Porter becoming the first to earn his first Golobe and Emmy nomination this year for his role in POSE was deafinitely something to be industry celebrated. He was the first openly gay black man ever to have been nominated at the Emmys, in the category of Lead Actor in a Drama.
Did Billy Porter ever see this American Dream coming to fruition for him? If he didn’t Ryan Murphy certainly did. At the Pacific Design Center on Friday night, Pose co-creator Ryan Murphy appeared for a conversation in support of his Emmy-nominated series, explaining that in the initial stages of putting together the FX drama, one thought kept coming to mind: “There’s got to be something for Billy Porter in this show.”
According to the Deadline:
As the actor explained during the Pose panel, his personal relationship to the story being told in Pose was a major draw. “I was there. It is my era. I moved to New York December 27th, 1990; Paris Is Burning was the first film, as a black, gay man, where I saw any image of myself in a pseudo-mainstream way,” he said.

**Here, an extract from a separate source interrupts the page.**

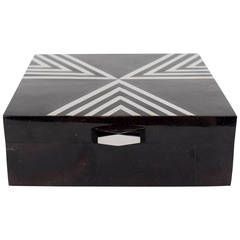 Resin inlay <b>storage</b> boxes <b>Stackable</b> cardboard bins Glossy bedroom neatening Minimalist black white boxes - Product Image 6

In early conversations about the series, Porter shared his experience of the AIDS crisis, as someone who had lived through it, discussing his personal experience of survivor’s guilt. “Survivor’s guilt is a real thing. ‘Why am I still here? What is the point? What is my purpose?’” he said. “I didn’t know how, but I always knew that my art was going to be my way into a deeper kind of healing.”

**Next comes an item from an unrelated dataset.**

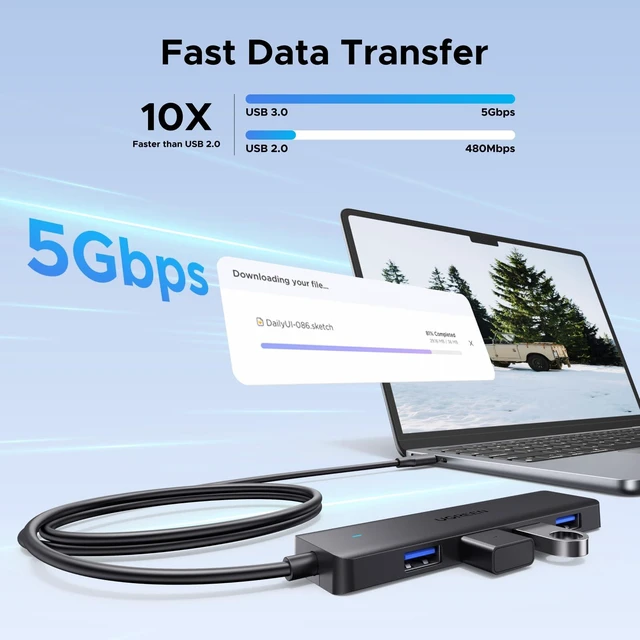 Alt view image 3 of 7 - UGREEN USB C Hub, 4 Ports USB A Splitter Ultra-Slim USB Expander, 3.3 ft | 5Gbps Data Transfer for Mouse, Keyboard, Flash Drive, U Disk, Printer Compatible with Laptop, Desktop PC, Xbox, PS5, and More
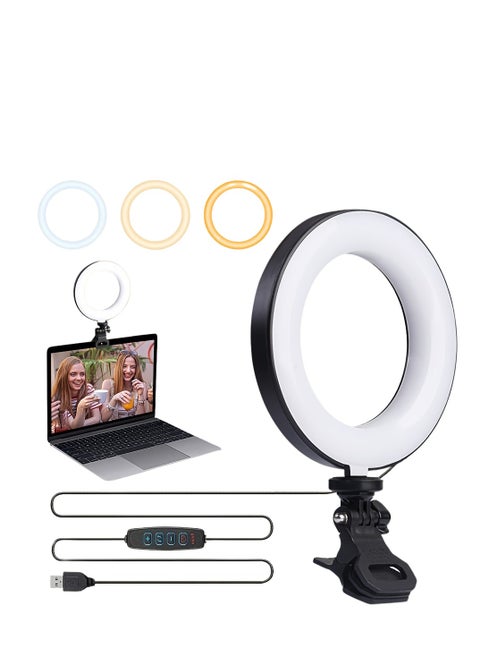 Videoconferencing light, clip-on ring light for video calls, 3 colours, dimmable, fill light for remote work and study, photography, live broadcasts, mobile phones, computer videoconferencing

Eventually, the role of Pray Tell was written specifically for Porter, and while directing the first two episodes of Season 1, Murphy observed “so much power” radiating from the actor. “There was so much there,” he said, “and I could tell that you felt you were letting things out for the first time.”

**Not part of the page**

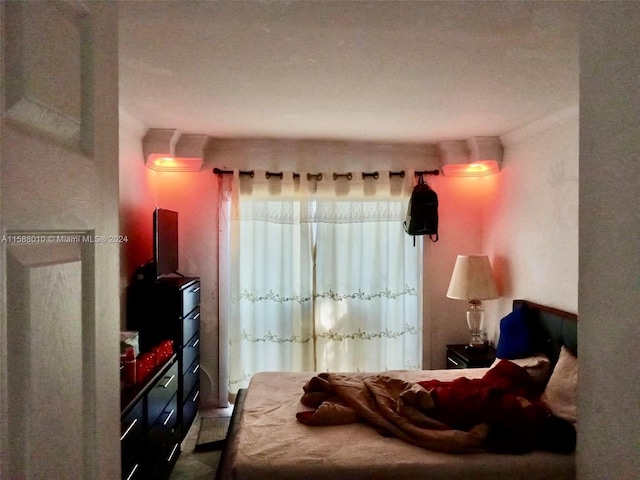 bedroom featuring a textured ceiling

For Porter, who spent decades struggling as an openly gay black artist, shooting Pose was cathartic. “The first ball day sticks out really clearly to me because I was doing what I thought my television performance should be. I was trying to play Pray Tell and be smaller, be still, don’t be so crazy. [Murphy] walks in and is like, ‘Are you going to give me the sh*t? I need the sh*t. I need you. I need whatever you do,’” he recalled. “I had never said anything to him about it, but he knew instinctively. I was set free on that day, and I never turned back.”